Join The Century Foundation and NYU Wagner Graduate School of Public Service on Tuesday, November 14, from 1:00 to 2:00 PM ET, for a conversation focused on the ramifications of the Supreme Court’s affirmative action decision and how policymakers and colleges can improve equitable access to higher education.  

Remarks: 

  • Sherry Glied, dean, NYU Wagner Graduate School of Public Service
  • Mark Zuckerman, president, The Century Foundation

Featuring:

  • Moderator: Denise A. Smith, deputy director and senior fellow, The Century Foundation
  • Tressie McMillan Cottom, professor, UNC Chapel Hill; columnist, New York Times; 2020 MacArthur Fellow 
  • Zakiya Smith Ellis, principal, Education Counsel
  • Damon Hewitt, president and executive director, Lawyers’ Committee for Civil Rights Under Law
  • John B. King, Jr., chancellor, State University of New York (SUNY)

Live captions and ASL interpretation will be provided.

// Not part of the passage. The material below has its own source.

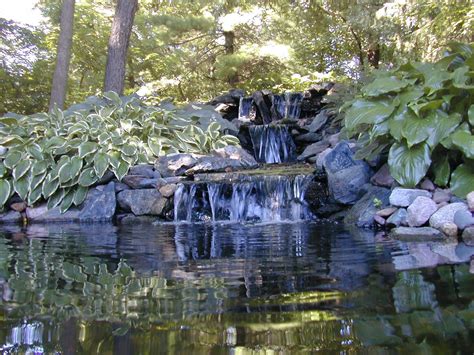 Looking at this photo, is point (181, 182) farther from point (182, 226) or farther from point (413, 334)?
point (413, 334)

Co-sponsored by NYU Wagner Graduate School of Public Service and The Century Foundation. 


Speaker Bios

Denise A. Smith is the deputy director of higher education policy and senior fellow at The Century Foundation. Her work studies educational equity, promoting diversity in a post-affirmative action society,  the financing of HBCUs, and the role of government funding in empowering these institutions and their students’ success. Prior to joining TCF, Smith was the director of student engagement and college activism at Truth Initiative where she oversaw the College Teams student engagement and campaign programming.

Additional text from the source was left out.